Alan Arkin finally landed his Oscar in a well-deserved win for “Little Miss Sunshine.” While his performance as a foul-mouthed, drug-using, irascible grandparent in the hit 2006 indie dramedy could’ve easily descended into the realm of caricature, Arkin brought a lived-in quality to the role that made even the character’s more outlandish behavior ring true. Likewise, for as fun as it is to quote the more, shall we say, colorful life advice Arkin’s progenitor relays to his grandson (Paul Dano) in the film, it’s the earnestness with which the actor handles the character’s heart-to-heart exchanges with the many members of his family that really make you believe his Bad Grandpa could be an actual person.

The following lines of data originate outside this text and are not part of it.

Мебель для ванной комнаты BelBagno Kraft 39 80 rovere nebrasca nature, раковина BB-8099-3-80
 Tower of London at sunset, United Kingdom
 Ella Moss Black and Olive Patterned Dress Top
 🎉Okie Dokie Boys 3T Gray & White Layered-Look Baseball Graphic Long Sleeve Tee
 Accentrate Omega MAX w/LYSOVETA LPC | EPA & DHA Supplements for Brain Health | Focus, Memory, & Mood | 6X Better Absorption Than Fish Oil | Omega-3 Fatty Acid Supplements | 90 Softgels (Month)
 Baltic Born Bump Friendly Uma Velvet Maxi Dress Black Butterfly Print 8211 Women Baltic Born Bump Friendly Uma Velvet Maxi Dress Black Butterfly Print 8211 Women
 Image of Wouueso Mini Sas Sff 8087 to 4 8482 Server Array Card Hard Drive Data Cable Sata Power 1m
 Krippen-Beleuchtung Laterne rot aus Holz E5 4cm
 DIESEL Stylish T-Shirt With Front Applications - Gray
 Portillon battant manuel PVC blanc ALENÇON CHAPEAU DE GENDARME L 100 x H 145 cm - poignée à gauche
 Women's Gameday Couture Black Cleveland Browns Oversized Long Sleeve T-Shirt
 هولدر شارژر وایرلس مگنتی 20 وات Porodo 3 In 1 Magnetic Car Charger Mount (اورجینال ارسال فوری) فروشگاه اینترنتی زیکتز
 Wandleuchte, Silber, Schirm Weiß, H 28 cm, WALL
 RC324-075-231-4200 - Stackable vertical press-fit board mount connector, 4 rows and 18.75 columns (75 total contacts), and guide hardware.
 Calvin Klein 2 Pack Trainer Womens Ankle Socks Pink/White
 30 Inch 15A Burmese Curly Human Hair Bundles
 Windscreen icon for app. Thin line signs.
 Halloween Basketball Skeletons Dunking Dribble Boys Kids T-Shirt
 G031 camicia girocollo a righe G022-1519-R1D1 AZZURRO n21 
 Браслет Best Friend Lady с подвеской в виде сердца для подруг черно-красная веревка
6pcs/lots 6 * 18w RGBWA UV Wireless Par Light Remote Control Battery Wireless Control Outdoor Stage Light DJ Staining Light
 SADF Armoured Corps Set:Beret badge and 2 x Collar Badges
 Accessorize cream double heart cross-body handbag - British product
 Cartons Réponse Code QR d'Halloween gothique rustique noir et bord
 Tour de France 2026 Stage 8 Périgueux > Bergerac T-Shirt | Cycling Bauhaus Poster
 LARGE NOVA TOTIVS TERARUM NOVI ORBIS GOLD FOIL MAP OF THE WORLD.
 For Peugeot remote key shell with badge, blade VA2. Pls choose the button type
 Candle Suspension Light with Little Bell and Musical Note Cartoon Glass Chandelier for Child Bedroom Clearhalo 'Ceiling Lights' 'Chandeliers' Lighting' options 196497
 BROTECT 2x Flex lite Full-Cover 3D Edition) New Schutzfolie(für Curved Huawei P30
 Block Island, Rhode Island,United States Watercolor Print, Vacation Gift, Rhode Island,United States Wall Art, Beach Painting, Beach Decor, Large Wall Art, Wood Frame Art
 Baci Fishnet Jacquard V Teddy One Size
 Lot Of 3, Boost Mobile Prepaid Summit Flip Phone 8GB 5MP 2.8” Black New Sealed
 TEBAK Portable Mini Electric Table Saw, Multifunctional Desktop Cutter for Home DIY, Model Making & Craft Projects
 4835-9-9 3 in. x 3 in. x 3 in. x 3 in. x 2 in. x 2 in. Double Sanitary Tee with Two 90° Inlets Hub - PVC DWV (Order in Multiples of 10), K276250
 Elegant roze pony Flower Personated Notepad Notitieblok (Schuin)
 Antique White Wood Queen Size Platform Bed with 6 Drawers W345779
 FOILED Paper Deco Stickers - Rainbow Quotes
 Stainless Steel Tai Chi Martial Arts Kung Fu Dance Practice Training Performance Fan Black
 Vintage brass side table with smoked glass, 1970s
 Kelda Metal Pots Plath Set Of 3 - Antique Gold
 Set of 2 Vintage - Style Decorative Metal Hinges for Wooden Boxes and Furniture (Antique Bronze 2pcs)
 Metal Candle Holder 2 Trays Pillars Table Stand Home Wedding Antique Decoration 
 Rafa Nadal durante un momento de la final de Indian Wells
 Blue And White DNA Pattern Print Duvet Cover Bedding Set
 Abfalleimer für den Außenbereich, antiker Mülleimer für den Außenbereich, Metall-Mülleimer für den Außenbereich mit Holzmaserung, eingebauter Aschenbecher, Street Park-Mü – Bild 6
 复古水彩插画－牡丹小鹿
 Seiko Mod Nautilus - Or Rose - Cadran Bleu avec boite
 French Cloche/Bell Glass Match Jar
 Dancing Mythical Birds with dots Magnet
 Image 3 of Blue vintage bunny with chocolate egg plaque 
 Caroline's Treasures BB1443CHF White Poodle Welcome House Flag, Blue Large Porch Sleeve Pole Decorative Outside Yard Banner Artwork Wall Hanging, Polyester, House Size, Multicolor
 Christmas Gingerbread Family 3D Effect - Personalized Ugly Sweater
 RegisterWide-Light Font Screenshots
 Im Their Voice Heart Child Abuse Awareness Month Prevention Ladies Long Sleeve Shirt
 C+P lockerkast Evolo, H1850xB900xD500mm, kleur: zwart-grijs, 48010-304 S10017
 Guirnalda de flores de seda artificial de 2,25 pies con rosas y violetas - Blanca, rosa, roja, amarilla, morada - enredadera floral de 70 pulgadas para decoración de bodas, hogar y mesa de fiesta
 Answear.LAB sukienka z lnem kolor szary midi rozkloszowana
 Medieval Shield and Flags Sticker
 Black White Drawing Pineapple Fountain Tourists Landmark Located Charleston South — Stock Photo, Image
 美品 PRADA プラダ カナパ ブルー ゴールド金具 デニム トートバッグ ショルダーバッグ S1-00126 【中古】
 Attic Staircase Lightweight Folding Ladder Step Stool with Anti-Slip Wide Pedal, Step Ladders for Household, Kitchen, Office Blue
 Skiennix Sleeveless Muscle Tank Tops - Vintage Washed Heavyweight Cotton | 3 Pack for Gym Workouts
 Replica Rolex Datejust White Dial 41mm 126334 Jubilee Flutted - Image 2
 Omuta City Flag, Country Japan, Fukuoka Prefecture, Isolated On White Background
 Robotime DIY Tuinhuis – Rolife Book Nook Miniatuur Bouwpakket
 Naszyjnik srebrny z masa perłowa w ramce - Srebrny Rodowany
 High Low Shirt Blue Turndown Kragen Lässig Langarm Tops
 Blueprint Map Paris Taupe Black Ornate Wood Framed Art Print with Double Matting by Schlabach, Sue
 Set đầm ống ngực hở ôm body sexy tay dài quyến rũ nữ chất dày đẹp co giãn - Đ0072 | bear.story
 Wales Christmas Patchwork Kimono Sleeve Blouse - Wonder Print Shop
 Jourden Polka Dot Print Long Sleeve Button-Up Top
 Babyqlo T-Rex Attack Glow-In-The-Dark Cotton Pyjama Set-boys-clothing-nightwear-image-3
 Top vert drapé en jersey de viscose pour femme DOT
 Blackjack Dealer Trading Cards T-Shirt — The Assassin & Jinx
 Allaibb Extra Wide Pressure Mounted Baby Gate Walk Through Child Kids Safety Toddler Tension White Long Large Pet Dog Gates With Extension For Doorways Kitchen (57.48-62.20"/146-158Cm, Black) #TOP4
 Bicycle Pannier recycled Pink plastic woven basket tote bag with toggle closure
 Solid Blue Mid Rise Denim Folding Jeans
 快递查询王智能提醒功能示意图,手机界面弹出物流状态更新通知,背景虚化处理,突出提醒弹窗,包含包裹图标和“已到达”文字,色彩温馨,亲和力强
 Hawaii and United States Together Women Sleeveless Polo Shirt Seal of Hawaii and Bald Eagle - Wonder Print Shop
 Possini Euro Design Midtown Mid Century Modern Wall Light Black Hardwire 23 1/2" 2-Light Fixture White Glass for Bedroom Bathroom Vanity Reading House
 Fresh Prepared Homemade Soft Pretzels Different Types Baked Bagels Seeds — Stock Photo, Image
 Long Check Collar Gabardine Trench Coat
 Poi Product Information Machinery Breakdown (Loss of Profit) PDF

That sentiment extends to the various other cantankerous old-timers Arkin portrayed in his third act, from a cynical Hollywood producer who’s seen it all yet is nonetheless moved by his conscience to do the right thing in “Argo” (which landed Arkin a supporting actor Oscar nod) to a father who’s still trying — and failing — to do right by his grown-up daughters with his eccentric schemes in “Sunshine Cleaning.”
That’s not to say Arkin didn’t have fun in-between dealing with heavy topics like mortality and regret during his later years, including his well-received turn opposite Michael Douglas on the Netflix dramedy series “The Kominsky Method.” Whether he was cameoing in “The Muppets,” lending his voice to “Minions: The Rise of Gru,” or portraying not-Mickey to Sylvester Stallone’s not-Rocky in “Grudge Match,” Arkin’s presence was always a pleasure, no matter the quality of the film or show around him.
Rest in peace, Alan Arkin, and thank you for a lifetime spent making us all laugh, think — and perhaps most importantly — feel.